Home » Climate Change » The End of the World, Part 1

The End of the World, Part 1

And as things fell apart nobody paid much attention.

Talking Heads

Perhaps humanity deserves the extinction hurtling toward it. The greedy corporate executives that knowingly poison the planet. They are guilty of murder. Their employees who have sacrificed their grandchildren and ours for a job. They are guilty of manslaughter. The corrupt politicians who know the science but are willingly silenced by energy industry “donations.” They are accessories to murder. The journalists who neglect the truth in favour of faux “objectivity” and “balance,” and the ordinary citizens who would rather watch reality TV than face the reality of impending doom. They are guilty of criminal negligence resulting in massive death.

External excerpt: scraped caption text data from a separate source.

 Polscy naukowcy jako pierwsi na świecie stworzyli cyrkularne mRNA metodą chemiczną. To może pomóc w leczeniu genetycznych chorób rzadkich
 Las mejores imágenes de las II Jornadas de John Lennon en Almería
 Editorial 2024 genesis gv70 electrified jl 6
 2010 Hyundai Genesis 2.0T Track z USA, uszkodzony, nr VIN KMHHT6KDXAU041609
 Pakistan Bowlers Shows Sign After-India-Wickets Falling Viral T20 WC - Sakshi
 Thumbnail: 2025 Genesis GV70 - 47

Romney mocks Obama’s statement about slowing the rise of sea levels. For most of the past 3,000 years, sea levels were stable, but they began rising in the 1950s, at an annual rate of 1.7 millimeters. Over the past 20 years, global sea levels have risen an average of 3.3 millimeters a year. Studies suggest levels may rise several metres by 2100, covering many low-lying islands and swamping coastal cities.

If only a trial of such magnitude could be prepared. Expert witnesses could be chosen from essentially any climatologist in any country in the world, virtually all of whom have for years been warning us of our criminal stupidity. The victims would be in the hundreds of thousands, or more likely the millions.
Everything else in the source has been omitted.